Defense Secretary Mark Esper notified the first U.S. commander in Afghanistan that his forces can proceed with plans to withdraw from the country on Monday.
Esper announced he had notified Gen. Scott Miller, the commander of U.S. forces in Afghanistan, that Miller has Esper’s approval to begin pulling troops from the county. Esper described the order as a good-faith measure towards a U.S.-Taliban peace agreement during a Pentagon press conference.
“We are going to show good faith and begin withdrawing our troops,” Esper said. “My instruction to the commander was: ‘Let’s get moving. Let’s show our full faith and effort to do that.’”
The order for the U.S. troop withdrawal comes just days after the U.S. and Taliban signed peace terms that would allow the U.S. to bring about the end of its military presence in Afghanistan and promote further intra-Afghan negotiations between the Taliban and the U.S.-backed Afghan government.
Esper indicated the first phase of troop withdrawals will start “within 10 days.”
As part of the agreement, the U.S. plans to bring its troop presence from around 13,000 troops down to around 8,600 troops within the first 135 days of the agreement. A full troop withdrawal is expected to take around 14 months and is predicated on the Taliban’s adherence to the peace terms and the overall success of the agreement.

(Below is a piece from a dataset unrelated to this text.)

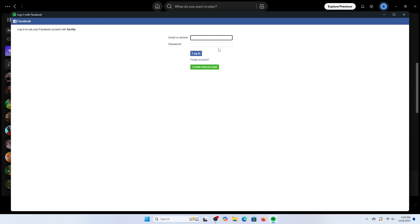Now once logged in, your Spotify account will automatically get connected to your Facebook. This also simplifies the login process as you can use your Facebook credentials to access Spotify without needing a separate password.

“This is going to be a step-by-step process, and we’ll evaluate each day,” Esper said.
Chairman of the Joint Chiefs of Staff Gen. Mark Milley indicated the peace agreement is aimed at an overall reduction in violence but not a complete end to violence in the country. Milley said a complete end to the violence in Afghanistan is “probably not going to happen.”
Fighting between the Taliban and Afghan security forces was reported on Monday and the Taliban has indicated it would not partake in further intra-Afghan negotiations until it sees its imprisoned members released, Reuters reported.
Throughout his presidency, President Donald Trump has called for an end to the more than 18-year war in Afghanistan. Critics of the new U.S.-Taliban arrangement have warned that the deal would allow too many concessions to the Taliban and permit them to regain power in the country. While the agreement does limit the Taliban from taking some actions to harbor foreign terrorism, critics have also warned that the deal lacks enforcement mechanisms to hold the Taliban to account.
“Releasing thousands of Taliban fighters, lifting sanctions on international terrorists, and agreeing to withdraw all U.S. forces in exchange for promises from the Taliban with no disclosed mechanism to verify Taliban compliance, would be reminiscent of the worst aspects of the Obama Iran nuclear deal,” said fellow Republican and House GOP conference chair Rep. Liz Cheney.